On Wed, Feb 21, 2018 at 5:27 PM, Tsunakawa, Takayuki
> From: Michael Paquier [mailto:mich...@paquier.xyz]
> It seems to me that you would reintroduce partially the problems that
>> 1d4a0ab1 has fixed. In short, if a crash happens in the code paths calling
>> RemoveXlogFile with durable = false before fsync'ing pg_wal, then a rename
>> has no guarantee to be durable, so you could finish again with a file that
>> as an old name, but new contents. A crucial thing which matters for a rename
> Hmm, you're right. Even during recovery, RemoveOldXlogFiles() can't skip
> fsyncing pg_wal/ because new WAL records streamed from the master are written
> to recycled WAL files.
> After all, it seems to me that we have to stand with the current patch which
> only handles RemoveNonParentXlogFiles().

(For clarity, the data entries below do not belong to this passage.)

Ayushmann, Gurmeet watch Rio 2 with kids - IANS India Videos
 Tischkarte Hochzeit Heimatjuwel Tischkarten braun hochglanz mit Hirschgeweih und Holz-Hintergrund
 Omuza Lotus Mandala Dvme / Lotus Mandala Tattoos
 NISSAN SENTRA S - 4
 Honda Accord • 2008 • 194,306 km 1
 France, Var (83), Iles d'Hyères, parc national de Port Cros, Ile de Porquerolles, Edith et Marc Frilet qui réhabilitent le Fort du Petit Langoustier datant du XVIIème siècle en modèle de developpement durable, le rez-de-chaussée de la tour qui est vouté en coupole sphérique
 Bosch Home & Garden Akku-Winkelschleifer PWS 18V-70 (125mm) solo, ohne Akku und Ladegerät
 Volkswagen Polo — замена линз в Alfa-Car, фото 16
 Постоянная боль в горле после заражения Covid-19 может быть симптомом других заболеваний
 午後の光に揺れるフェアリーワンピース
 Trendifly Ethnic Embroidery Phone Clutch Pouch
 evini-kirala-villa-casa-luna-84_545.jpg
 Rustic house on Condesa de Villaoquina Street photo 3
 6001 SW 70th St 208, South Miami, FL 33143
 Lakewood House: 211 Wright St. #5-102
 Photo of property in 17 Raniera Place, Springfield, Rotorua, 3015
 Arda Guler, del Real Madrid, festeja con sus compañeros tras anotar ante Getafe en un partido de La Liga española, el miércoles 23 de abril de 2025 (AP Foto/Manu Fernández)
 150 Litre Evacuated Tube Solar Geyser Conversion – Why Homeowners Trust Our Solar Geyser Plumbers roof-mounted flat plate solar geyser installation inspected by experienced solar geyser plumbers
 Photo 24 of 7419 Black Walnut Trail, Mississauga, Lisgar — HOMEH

But the approach that the patch uses would cause the performance problem
as Horiguchi-san pointed out upthread.
So, what about, as another approach, making the checkpointer instead of
the startup process call RemoveNonParentXlogFiles() when end-of-recovery
checkpoint is executed? ISTM that a recovery doesn't need to wait for
RemoveNonParentXlogFiles() to end. Instead, RemoveNonParentXlogFiles()
seems to have to complete before the checkpointer calls RemoveOldXlogFiles()
and creates .ready files for the "garbage" WAL files on the old timeline.
So it seems natual to leave that WAL recycle task to the checkpointer.